**Records:**
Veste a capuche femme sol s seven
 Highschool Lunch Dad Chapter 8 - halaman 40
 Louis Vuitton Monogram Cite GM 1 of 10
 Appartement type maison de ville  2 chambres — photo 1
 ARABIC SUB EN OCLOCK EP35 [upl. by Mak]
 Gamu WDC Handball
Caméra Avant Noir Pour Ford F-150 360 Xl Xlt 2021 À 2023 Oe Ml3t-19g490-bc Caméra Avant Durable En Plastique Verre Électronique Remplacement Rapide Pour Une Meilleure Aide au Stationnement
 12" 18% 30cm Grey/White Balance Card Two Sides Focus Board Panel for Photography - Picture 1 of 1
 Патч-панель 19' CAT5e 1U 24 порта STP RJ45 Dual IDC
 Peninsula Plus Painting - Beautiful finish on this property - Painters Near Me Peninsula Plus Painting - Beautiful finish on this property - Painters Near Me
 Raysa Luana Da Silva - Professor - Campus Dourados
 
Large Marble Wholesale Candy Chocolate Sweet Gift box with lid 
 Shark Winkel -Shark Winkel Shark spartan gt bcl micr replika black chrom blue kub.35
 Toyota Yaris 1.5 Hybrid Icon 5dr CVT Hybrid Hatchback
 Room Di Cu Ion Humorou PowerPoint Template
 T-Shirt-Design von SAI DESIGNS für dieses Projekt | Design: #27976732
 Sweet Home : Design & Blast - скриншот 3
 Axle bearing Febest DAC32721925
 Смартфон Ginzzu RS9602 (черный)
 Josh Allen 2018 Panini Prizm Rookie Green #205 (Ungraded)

**Problem details:** Starting at the line that contains "Near Me Peninsula", write out every line through the last one in the data above, exactly as it stands.

**Reply to the exercise:**
 Peninsula Plus Painting - Beautiful finish on this property - Painters Near Me Peninsula Plus Painting - Beautiful finish on this property - Painters Near Me
 Raysa Luana Da Silva - Professor - Campus Dourados
 
Large Marble Wholesale Candy Chocolate Sweet Gift box with lid 
 Shark Winkel -Shark Winkel Shark spartan gt bcl micr replika black chrom blue kub.35
 Toyota Yaris 1.5 Hybrid Icon 5dr CVT Hybrid Hatchback
 Room Di Cu Ion Humorou PowerPoint Template
 T-Shirt-Design von SAI DESIGNS für dieses Projekt | Design: #27976732
 Sweet Home : Design & Blast - скриншот 3
 Axle bearing Febest DAC32721925
 Смартфон Ginzzu RS9602 (черный)
 Josh Allen 2018 Panini Prizm Rookie Green #205 (Ungraded)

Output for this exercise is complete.